* _What is being asked_: Set down the final stretch of the data, from the line that holds "The artistry of" through the last line, both included, with pictures left out.

* _Data supplied_:
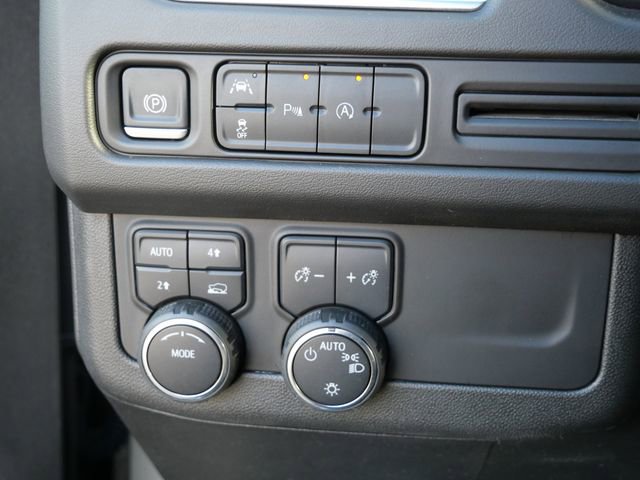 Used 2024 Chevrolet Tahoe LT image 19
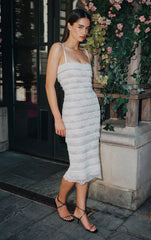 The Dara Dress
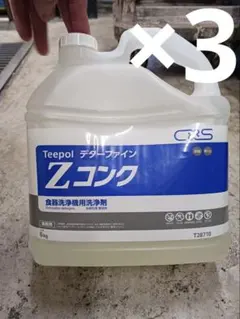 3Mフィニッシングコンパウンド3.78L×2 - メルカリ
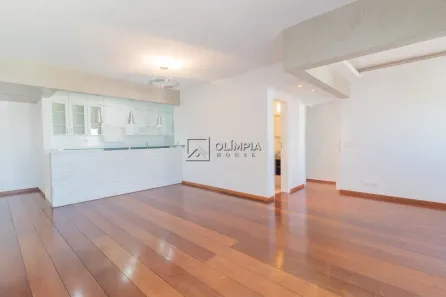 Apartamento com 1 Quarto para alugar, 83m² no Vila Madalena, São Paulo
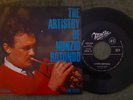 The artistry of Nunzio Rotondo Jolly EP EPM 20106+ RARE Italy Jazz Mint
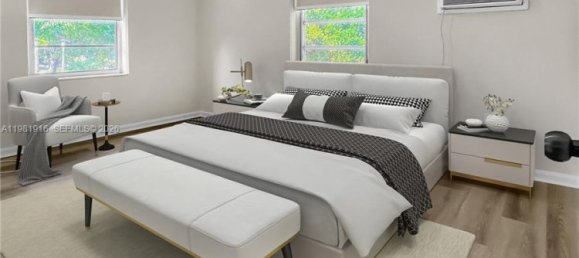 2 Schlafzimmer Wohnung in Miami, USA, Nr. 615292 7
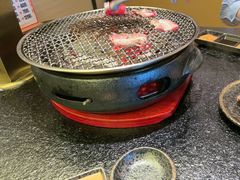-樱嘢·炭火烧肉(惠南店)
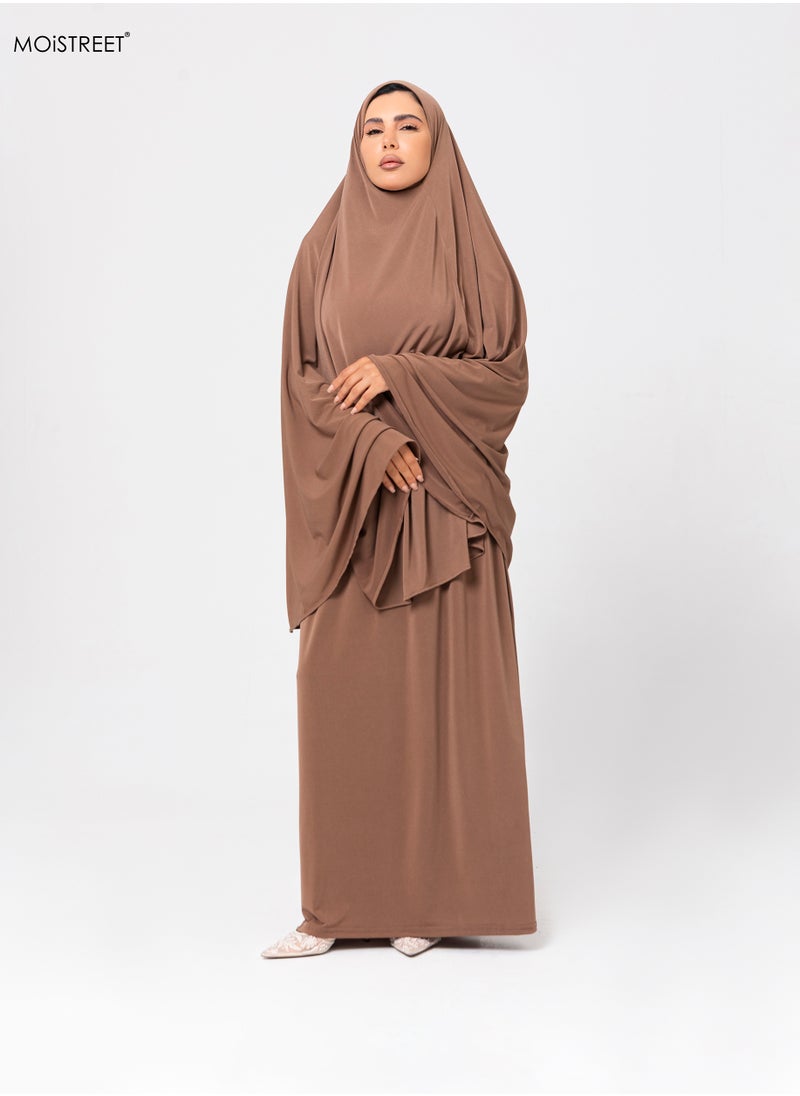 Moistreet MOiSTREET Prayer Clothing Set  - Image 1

* _Answer space_:
 The artistry of Nunzio Rotondo Jolly EP EPM 20106+ RARE Italy Jazz Mint
 2 Schlafzimmer Wohnung in Miami, USA, Nr. 615292 7
-樱嘢·炭火烧肉(惠南店)
 Moistreet MOiSTREET Prayer Clothing Set  - Image 1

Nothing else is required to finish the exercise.